Eccovi quindi delle belle (a mio parere) riflessioni su Dahab

Torno a dahab dopo vent’anni, per molti aspetti irriconoscibile.
La baia, che era tutta una spiaggia, è ora ricoperta da ristorantini e baretti.
I camp sono stati quasi completamente soppiantati da hotel.
C’è una “strada” pedonale, da una parte i ristoranti, dall’altra shop e alberghetti.
Spesso sei importunato dai locali per inviti ad entrare in questo o quell’esercizio o per prenotare un’escursione nel deserto.
Pullulano i centri diving, con una ventina di siti di immersioni, raggiungibili direttamente dalla riva.
Detto questo, la barriera corallina è sostanzialmente intatta, con coralli di tutti i colori ed ancora tanti pesci.
La “clientela” si è globalizzata, inglesi, tedeschi, giapponesi, molti russi, pochi gli italiani (sarà a causa della nostra abitudine di acquistare i pacchetti delle agenzie, piuttosto che scegliere davvero la vacanza?)
Siamo stati invitati a bere il tè in casa da ragazze beduine (ma chi lo ha detto che sono arretrate?), nei negozi si contratta duramente, poi si conclude tutto con una stretta di mano, dappertutto stanno costruendo resort fuori dal villaggio.
Dal punto di vista pratico, siamo riusciti ad organizzare con un’agenzia locale il tranfert dall’aeropoto di sharm ( 90 chilometri) con un limousine taxi elegantissimo, che ci ha atteso per due ore causa ritardo del volo (erano le tre di notte) e ci ha condotto a destinazione per la spesa complessiva di 35 euro (per il ritorno abbiamo trovato persino di meglio).

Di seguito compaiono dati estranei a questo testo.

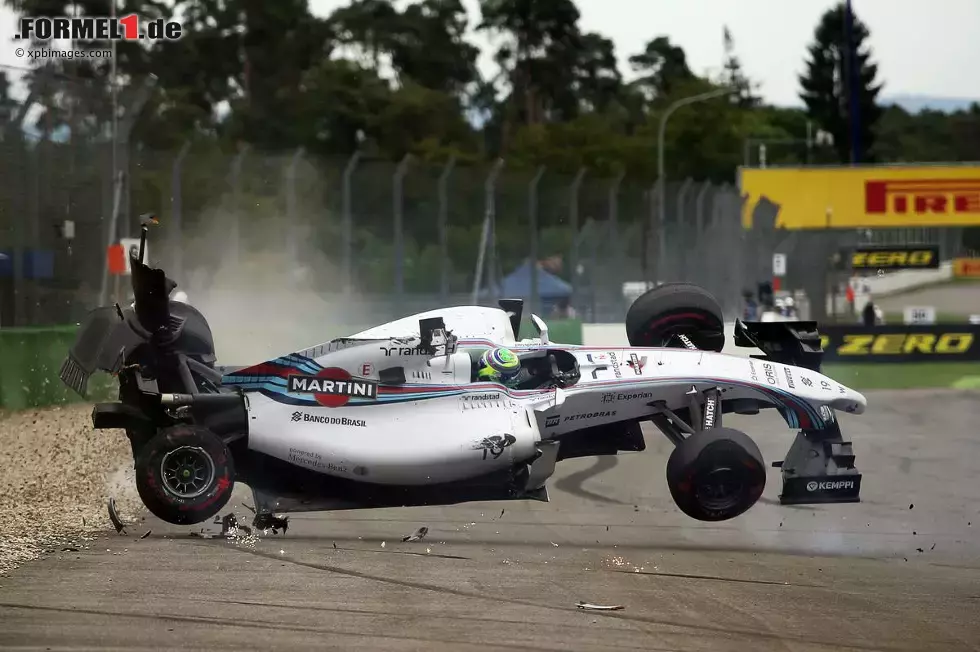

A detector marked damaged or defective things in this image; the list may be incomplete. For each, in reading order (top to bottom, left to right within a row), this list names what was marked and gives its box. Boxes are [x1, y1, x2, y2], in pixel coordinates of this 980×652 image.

crashed formula 1 car [61, 219, 864, 528]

La spesa per una cena media è di circa 10-15 euro in due; attenti a non ordinare troppe cose, perchè molti piatti vengono serviti già accompagnati da contorni, salsine e persino zuppe.
Una stanza decente, con aria condizionata per due persone e colazione, costa 30 euro.

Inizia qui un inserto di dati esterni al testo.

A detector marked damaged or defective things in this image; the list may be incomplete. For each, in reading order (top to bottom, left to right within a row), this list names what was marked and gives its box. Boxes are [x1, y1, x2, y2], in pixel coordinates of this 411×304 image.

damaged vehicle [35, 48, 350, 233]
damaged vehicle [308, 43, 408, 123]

Per gli squattrinati, è possibile spendere molto meno; così’ come si può arrivare a spendere fino a 60 euro per la sistemazione top.
Ci sono poi dei resort fuori dal paese, alcuni dei quali davvero di lusso.
Il costo non è eccessivo (intorno ai 100 euro), però per recarsi in paese è necessario un taxi ( 4 euro); anche i prezzi delle consumazioni risentono del livello dell’hotel, per cui bevande e pasti costano quasi come in Italia; per le immersioni sei quasi costretto a servirti del diving dell’albergo che approfitta della situazione di monopolio.

Cosa mi piace di dahab?
Il fatto che è ancora un paese vero, con molta animazione e frequentato da gente di tutto il mondo.
La barriera corallina, ideale per snorkeling e sub, la possibilità di passare le giornate sdraiato nei bar, chiacchierando e – per chi vuole- fumando il narghilè (qui chiamato shisha), la dimensione davvero internazionale (abbiamo incontrato europei che lavorano in Thailandia, ragazzi francesi giunti in autostop dopo aver traversato Turchia, Siria e Giordania), una coppia di israeliani che -contro le indicazioni del proprio governo- sono venuti in vacanza nel Sinai.
Mi sarebbe piaciuto fare escursioni nel deserto, dove ci sono dei canyon con iscrizioni antichissime ed oasi magnifiche, raggiungibili in jeep o con i cammelli, ma essendo in agosto il caldo era eccessivo.
A proposito di cammelli, abbiamo incrociato un accampamento con un centinaio di cammelli, mentre in molti siti di immersione ( Blue hole, Canyon) vedi in continuazione ragazzini beduini “a cavallo” che ti invitano.
Volendo, si può salire fino al Monte Sinai (quello dei 10 comandamenti); ci sono stato anni fa, in genere si sale la sera e si aspetta in vetta per vedere l’alba.
L’esperienza è irripetibile.
In conclusione, per chi vuole andare sul mar rosso ed è stanco di sharm e dei villaggi turistici, andate a DAHAB (ancora per poco).